> **Provided data**
>>>

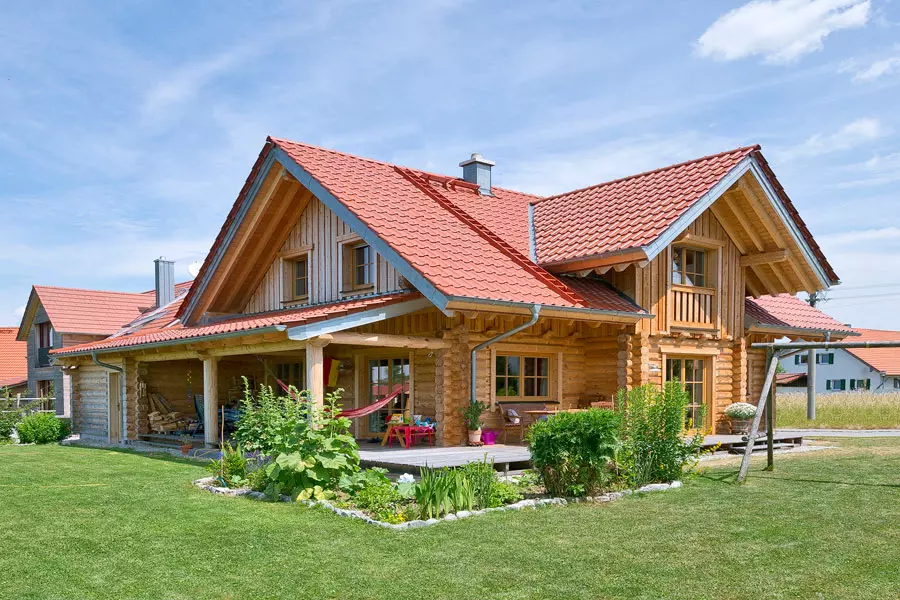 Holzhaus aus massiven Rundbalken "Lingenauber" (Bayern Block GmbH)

<<<
>>>

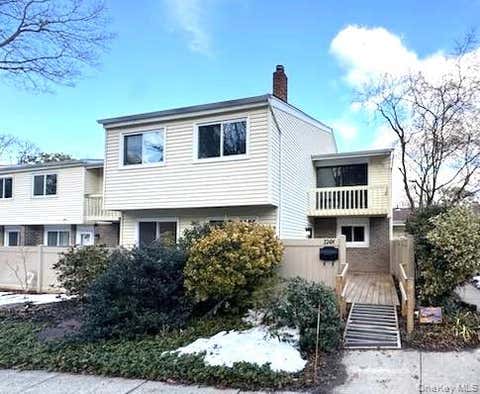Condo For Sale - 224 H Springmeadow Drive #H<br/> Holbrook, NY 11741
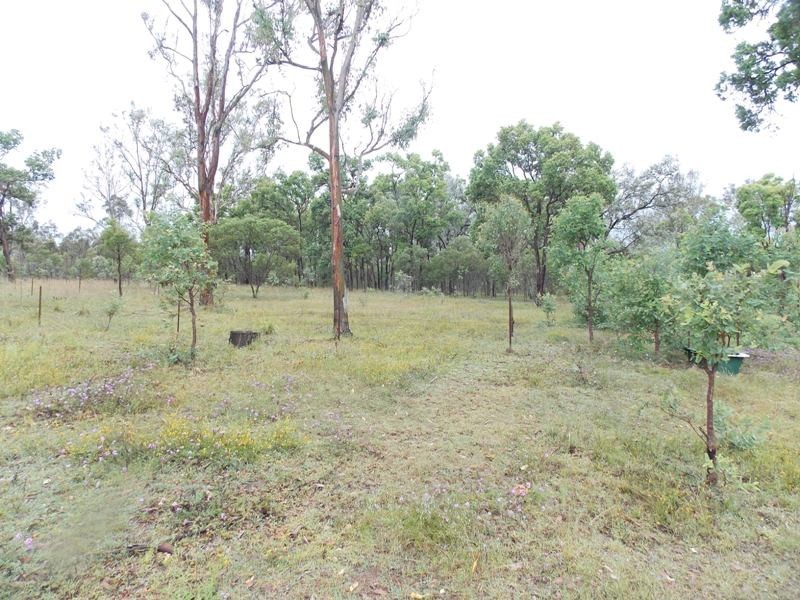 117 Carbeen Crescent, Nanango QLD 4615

<<<

Output exactly, and only, the lines of the entries above from the one with "Condo For Sale" up to and including the one with "117 Carbeen Crescent, Nanango QLD 4615"; pictures are to be left out.

Condo For Sale - 224 H Springmeadow Drive #H<br/> Holbrook, NY 11741
 117 Carbeen Crescent, Nanango QLD 4615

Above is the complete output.